ジェニファー・トンプソンの悲劇!ロナルド・コットンとの対面で起こった奇跡  


1984年にアメリカ・ノースカロライナ州で起こった暴行事件。

被害者のジェニファー・トンプソンは、犯人の顔を見間違えており、誤認逮捕されたロナルド・コットンには終身刑が課されます。

しかし服役から11年後、DNA鑑定をきっかけに、ロナルド・コットンの無罪が判明。その事実を知ったジェニファー・トンプソンは驚きの行動に。

なんと、自分が犯人に仕立て上げてしまった無実のコットンとの面会を申し出たのです。

さて、コットンはどんな反応だったのでしょうか。

 

ジェニファー・トンプソン事件の犯人はロナルド・コットン!?

事件が起きたのは、1984年のアメリカ・ノースカロライナ。

自分のアパートで寝ていた大学生、ジェニファー・トンプソンのアパートにある男が侵入したのです。ナイフで脅され、暴行を受けたジェニファーは命からがら逃げ出します。

そして、警察でジェニファーの証言にもとづき作成されたモンタージュにより、ロナルド・コットンという22歳のレストランで働く青年が捜査線上に浮かび上がります。

ジェニファーがロナルドの写真を見て「犯人に間違いない」と断定したことから、ロナルドは終身刑プラス50年という大変重い刑罰が与えられることになりました。

 

真犯人は他にいた!?

しかし、逮捕されたロナルド・コットンは、実は無実。

事件が起こったときのアリバイがあやふやであり、加えてジェニファーの証言があったことで「犯人」とされてしまったのでした。

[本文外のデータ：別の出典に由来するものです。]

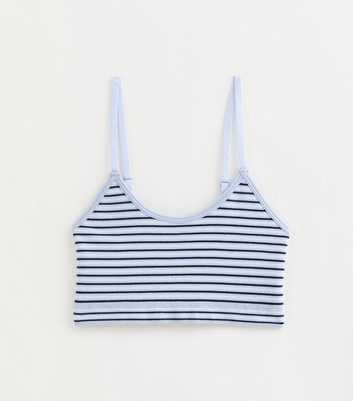 Girls Light Blue Striped Ribbed Seamless Bralette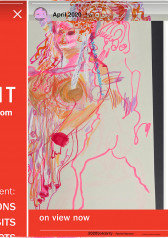 A digitally-collaged image featuring an abstract drawing of a female figure. The figure has been depicted in bright pink, purple, and red hues using sporadic linework. Areas of red color frame the left and bottom sides of the drawing. White text on the red surface is partially cut off by the image's frame. Black text at the top edge of the image reads, 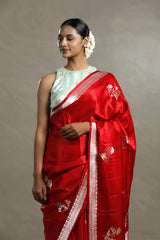 Red Handloom Banarasi Saree with Silver And Gold Zari Work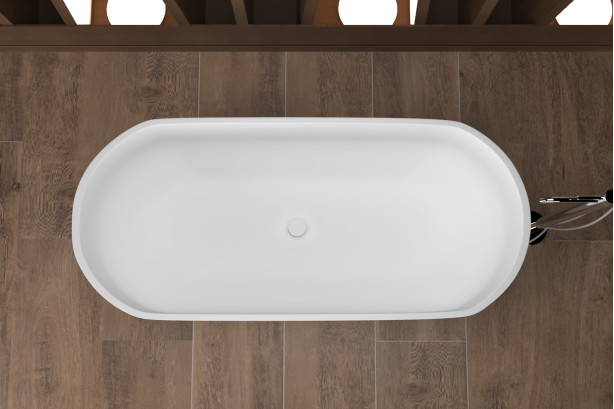 Freestanding ARO AIR White bath + White frame in Krion® top view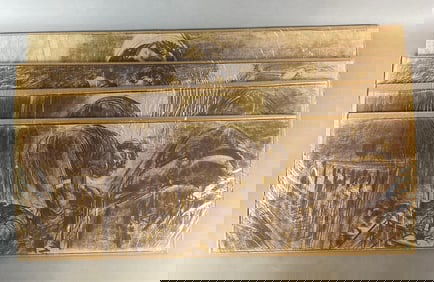 Group of 4 1959 MGm Ben Hur Edward Carfagno Brown Line Prints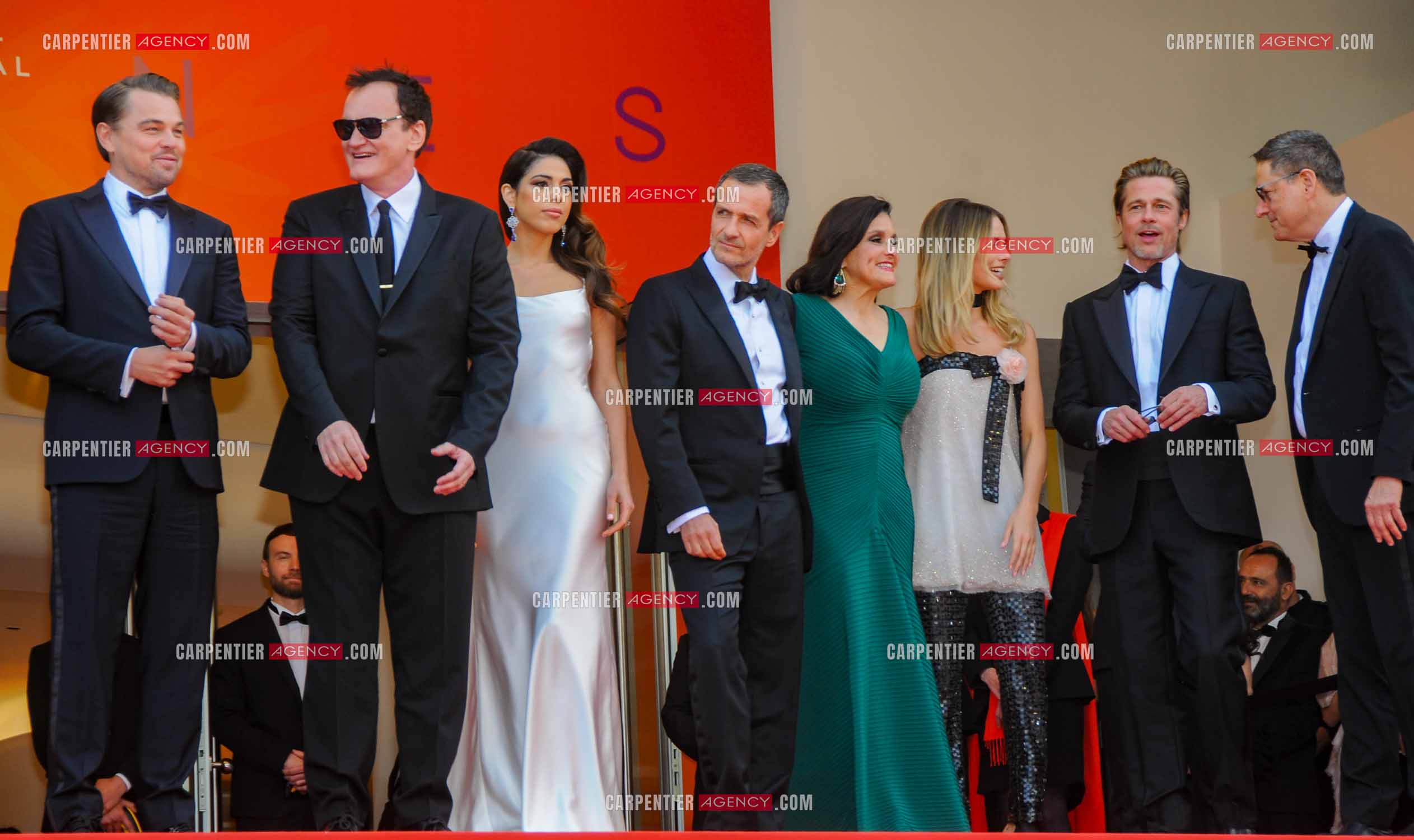 Leonardo DiCaprio, Quentin Tarantino, Daniela Pick, David Heyman, Shannon McIntosh, Margot Robbie et Brad Pitt lors du 72ème festival de Cannes en 2019.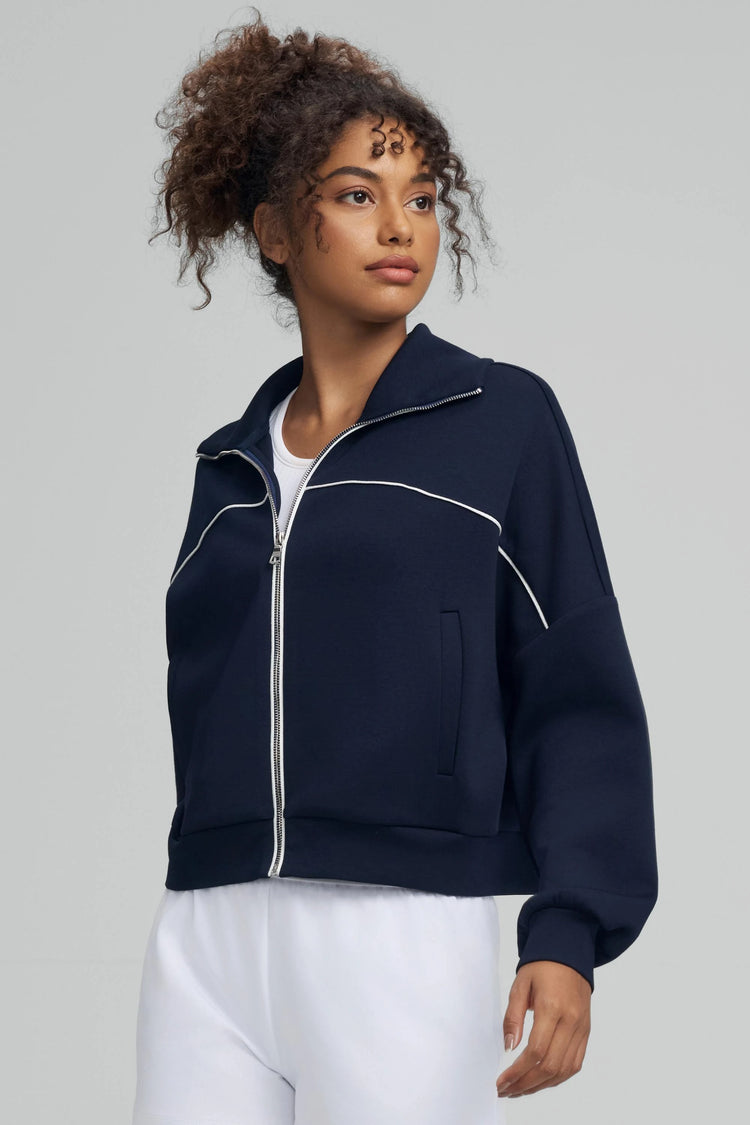 The Refined Track Jacket - Midnight Navy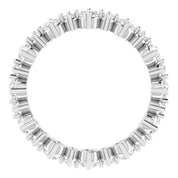 14K White 7/8 CTW Natural Diamond Eternity Band Size 4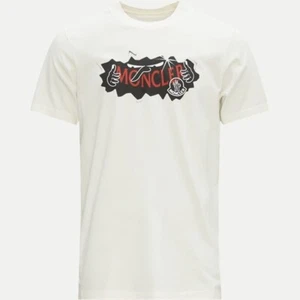 Nw MONCLER cotton T-shirt printed 8C00025 M2326 white logo regular fit - Picture 1 of 6
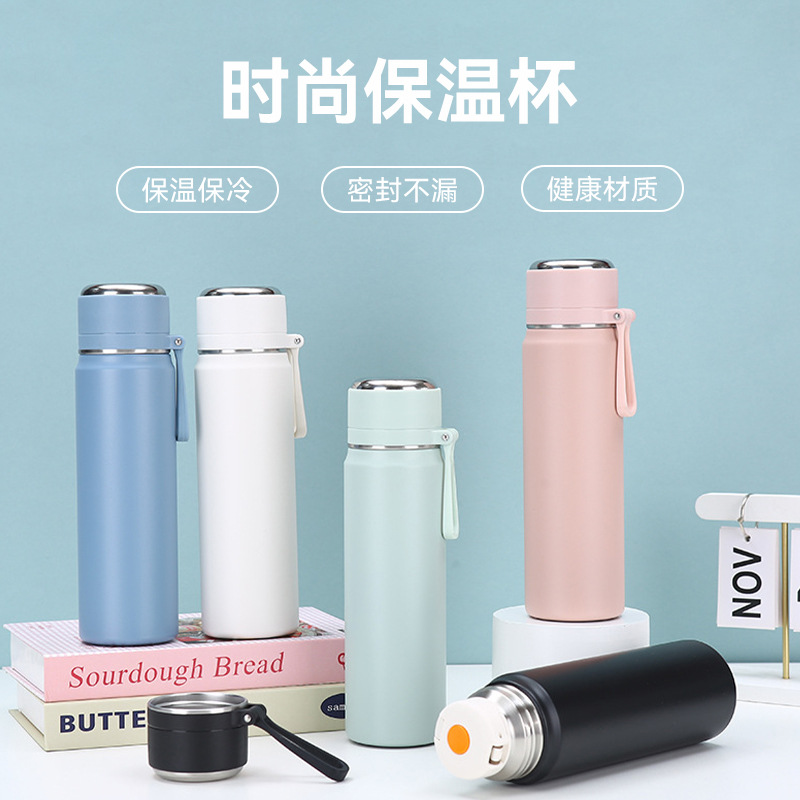 Customized 2023 new high-appearance-level insulated cup, 316 stainless steel water cup, student cup handle, gift water cup full figure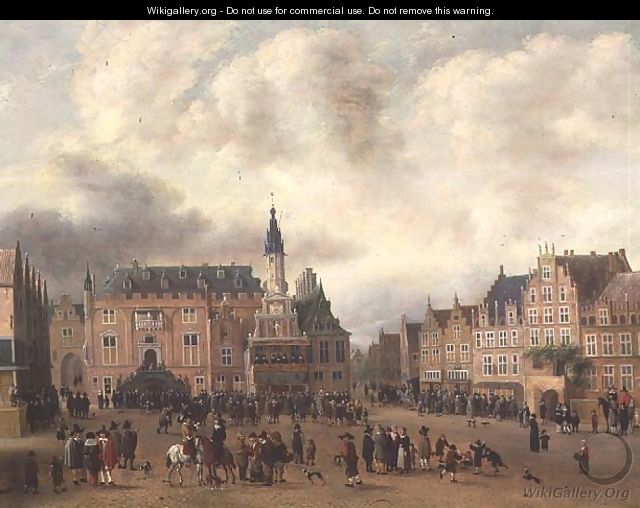 Announcement of the Peace of Breda in the Grote Markt, Haarlem, c.1667 - Gillis Rombouts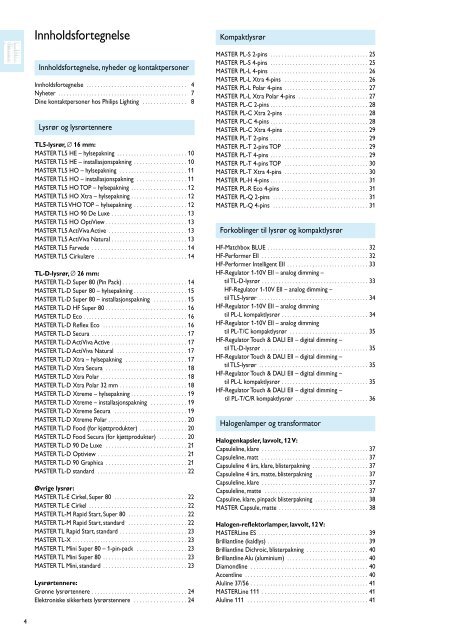 Katalog & prisliste med begrenset sortiment av lyskilder og ...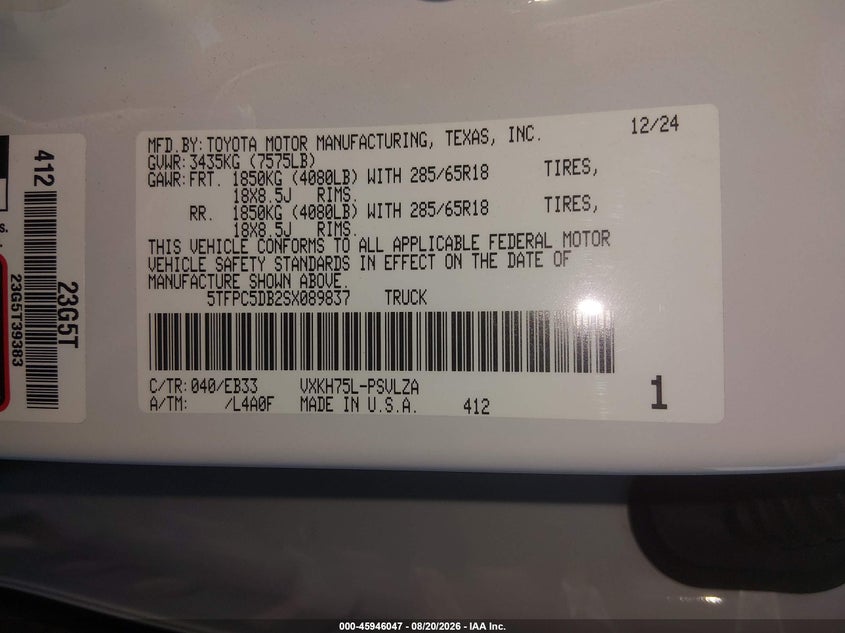 TOYOTA TUNDRA HYBRID 2025 VIN 5TFPC5DB2SX089837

裁判での判決にあらがうこともできず、刑務所に入れられたコットンでしたが、なんとここでコットンは真犯人と出会います。

その男の名前はボビー・プール

容姿がコットンとそっくりの男でした。

ボビー・プール自身も自分が真犯人だということを口にしていると人づてに耳にしたコットンは、再審請求を行います。

が、真犯人であるボビー本人が裁判の席に立ったにもかかわらず、被害者・ジェニファーはやはりコットンが犯人であると主張。

結果、判決は覆ることはなく、一度目の判決「終身刑プラス50年」よりも重い「終身刑2回」という厳罰が処せられることになりました。

 

DNAでの逆転劇

コットンが無実の罪で収容されて11年経ったときのこと。

コットンは、ラジオでO・J・シンプソン事件のことを耳にします。

このO・J・シンプソン事件は、アメリカの元プロフットボールの選手であり、俳優であったO・J・シンプソンが元妻とその友人男性の命を奪ったというものでした。

そして、この事件の手がかりとなったのがDNA判定。

現在では、DNA判定が事件に応用されるのはごく当たり前のことですが、世界で初めて事件にDNA判定が用いられたのは1986年にイギリスで起こった事件。

ジェニファー・トンプソンの事件は1984年に起こった事件だったので、刑務所の中で生活していたコットンにとっては、DNAの存在自体が初耳のことだったわけです。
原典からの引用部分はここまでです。